Health promotion pioneer Ilona Kickbusch and colleague Lea Payne described this as ‘a scandal of global health governance’ in which the WHO member states ‘are giving up their major instrument to drive health policy and ensure health security’. In a less normative vein, David Fidler of Indiana University, US, describes a generic shift ‘from a Westphalian to a post-Westphalian context in which both states and non-state actors shape responses to transnational health threats and opportunities’. Explaining the shift would go beyond the scope of this article, but major influences include

  • the inherently greater complexity of today’s global health issues, when viewed in contrast to earlier generations of communicable disease control challenges;
  • the WHO’s budgetary limitations, as well as a cautious internal bureaucratic culture;
  • accumulations of private wealth that make possible an initiative on the scale of the Gates Foundation;
  • the rise of civil society organizations with resources and sophistication that enable high-level participation in global policy discussions (the GHW reports instantiate this trend); and
  • an ideological shift, aggressively promoted by right-wing governments in the industrialized world and transnational corporations, that is succinctly described by historical sociologist Margaret Somers as ‘romancing the market, reviling the state’.
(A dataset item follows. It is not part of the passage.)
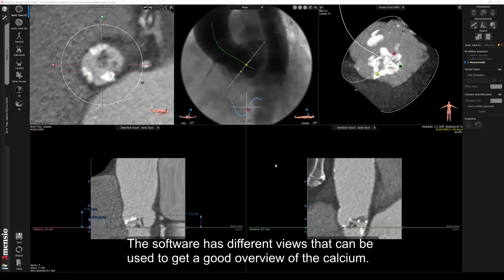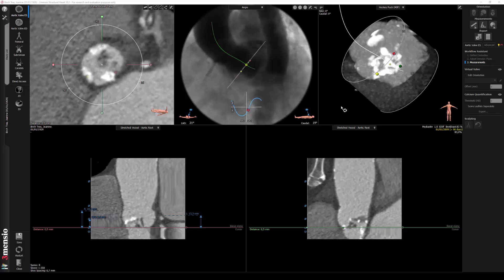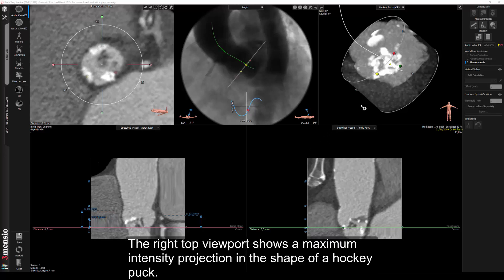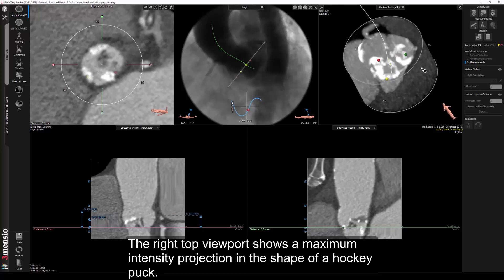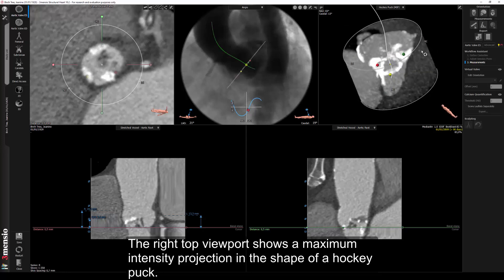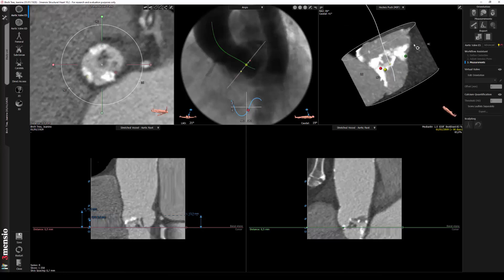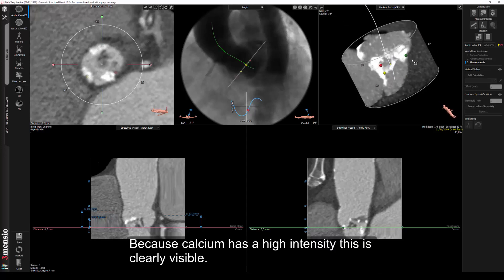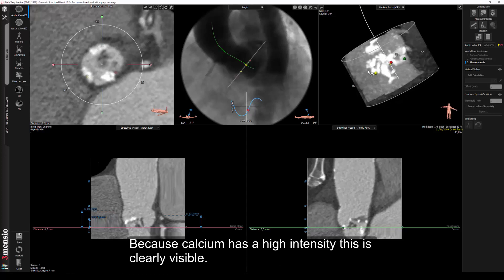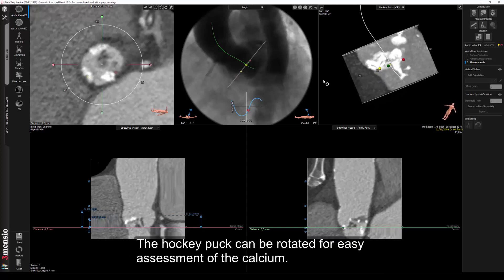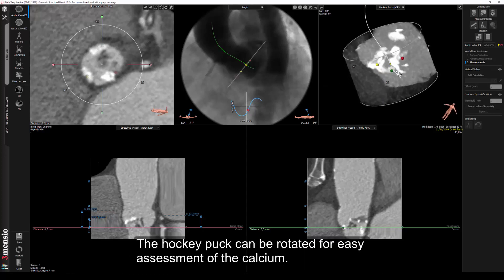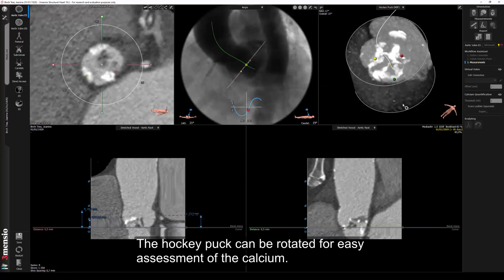The software has different views that can be used to get a good overview of the calcium. The right top viewport shows a maximum intensity projection in the shape of a hockey puck. Because calcium has a high intensity, this is clearly visible. The hockey puck can be rotated for easy assessment of the calcium.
Impact of additional funding

What has this doubling of the total of bilateral, multilateral and private funds achieved? There are signs of improvement in global health. Provision of malaria treatment and control interventions has achieved major improvements in parts of Ethiopia, Rwanda, Zanzibar and Kenya, but across Africa as a whole, four out of five children lack insecticide-treated bed nets. Notable achievements have been made by integrating provision of insecticide-treated bed nets into existing measles vaccination campaigns, and increases in measles immunization coverage since 2000 are directly related to a decrease in estimated measles-related mortality from 750,000 in 2000 to 197,000 in 2007. Furthermore, the number of patients receiving antiretroviral therapy for HIV/AIDS has increased more than seven-fold since 2002, to just under 3 million at the end of 2007. But this represents fewer than one in three people who are in need of antiretroviral therapy. The gap between treatment need and delivery is largest in absolute terms in sub-Saharan Africa, the region with by far the highest number of AIDS cases, but is comparably large in percentage terms in Asia. In some regions the impact of the HIV/AIDS pandemic, in combination with increasing poverty, food insecurity, long-term violent conflict and migration, has led to a reversal of previous improvements in health and health provisions.
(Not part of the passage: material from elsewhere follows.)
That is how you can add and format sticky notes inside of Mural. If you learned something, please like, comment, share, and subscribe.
Although a shortage of funds is far from the only reason for this, it is an important factor. In 2007, it was estimated that US$ 40 per person annually would be required to support what WHO’s Commission on Macroeconomics and Health called a ‘rather minimal health system’. In comparison, annual health spending in the least developed countries – where 770 million of the world’s people live – averages US$ 15 per capita from all sources both public and private. During the 1990s in Tanzania, public spending on health averaged US$ 3.46 per person per year. This means, among other things, that talk of making health systems sustainable without relying on external resources is delusional. This is especially true in sub-Saharan Africa, where health systems that have already been weakened by long-term underfunding – often mandated under structural adjustment programmes – are further compromised by a brain-drain of health professionals to high-income countries where they are in great demand.
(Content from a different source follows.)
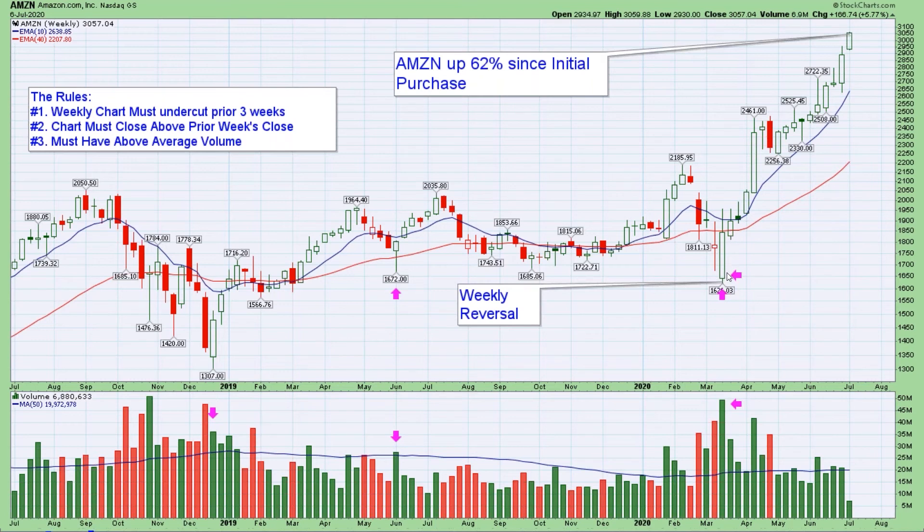Let's walk through these three rules again and really explain the psychology of why this system works so well.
Private funds: friend or foe for global health?

How do informed observers judge the newer agents involved in global health policy? Some are positive about the change, and view the infusion of private finance – such as from the Gates Foundation – as a welcome addition to still-meagre resources for improving the health of the world’s poor. Moreover, they consider PPPs not only as a way to mobilize additional resources, but also to make design and delivery of the programmes more effective. If only the existing agencies (notably WHO) had been more credible and quicker to respond to emerging challenges, they argue, there would have been little incentive to set up the Global Fund. Continuing criticism of the WHO is reflected in a 2008 article in The Lancet that accused WHO’s African regional office of ‘failing the region’.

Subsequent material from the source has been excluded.